Est-ce que c’est moi qui me trompe ?

Est-ce quelqu’un, parmi vous, sait rendre performant et autonome un enfant sur son tableur SANS LUI MONTRER EXPLICITEMENT COMMENT FAIRE ????

Est-ce qu’il faut s’en foutre complètement ?

Excel n’a-t-il peut-être aucune importance, au bureau, au quotidien ?

Ce qui compte, pour tous les STT, c’est les BDD et l’analyse conceptuelle ?  C’est tout ?

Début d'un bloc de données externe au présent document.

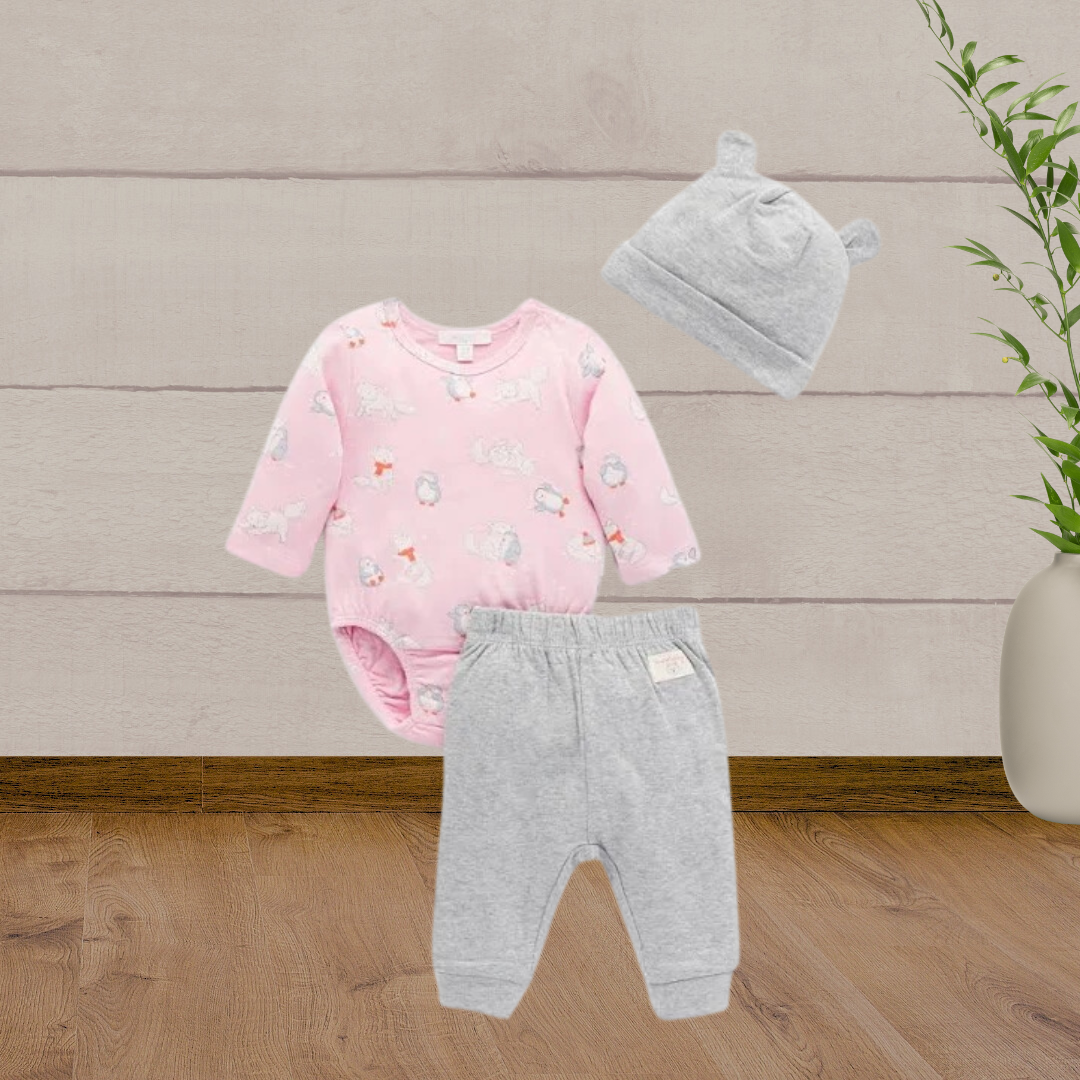 Pure Baby Frolicking Foxes Gift Set - Baby Gifts Australia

Est-ce que c’est moi qui déraille et qui délire ?

Allo ?

Y a quelqu’un ????

Qu’en pensez-vous ????

HELP !!!

Étienne.

Lycée Marcel Pagnol, Marseille.
etienne.chouard@arc-en-ciel.info
www.arc-en-ciel.info

 

PS : je sais parfaitement ce qu’on peut tirer d’une BDD, moi qui en développe souvent, grandeur nature. Je ne dis donc pas d’abandonner l’apprentissage d’Access pour me défiler : personnellement, je prendrais beaucoup de plaisir à enseigner Access, qui est un outil puissant et agréable, très attachant, et que je connais comme ma poche. 

Mais je dis et je répète que pour enseigner Access, il faut enseigner l’analyse qui précède, et que d’abord ça prend un temps fou, et qu’ensuite, il faut avoir soi-même programmé pour correctement l’enseigner, c’est facile à comprendre, non ?

Or nous n’avons ni l’un ni l’autre : ni le temps en classe d’enseigner Access comme il faut,  ni les profs programmeurs d’applications (en nombre suffisant) qu’il faudrait pour enseigner ça comme il faut à tous les STT.

Il y a tant à faire pour expliquer aux élèves les pures merveilles d’automatismes qu’ils pourront créer tout seuls avec Excel, « pour de vrai », sans faire semblant, sans se payer de mots,  tant à faire donc, qu’il est farfelu, saugrenu, malvenu, de s’épuiser, de gaspiller, de dilapider nos rares heures de cours dans une quête perdue d’avance sur l’analyse conceptuelle et les BDD.

Je suis donc seul à penser ça ??????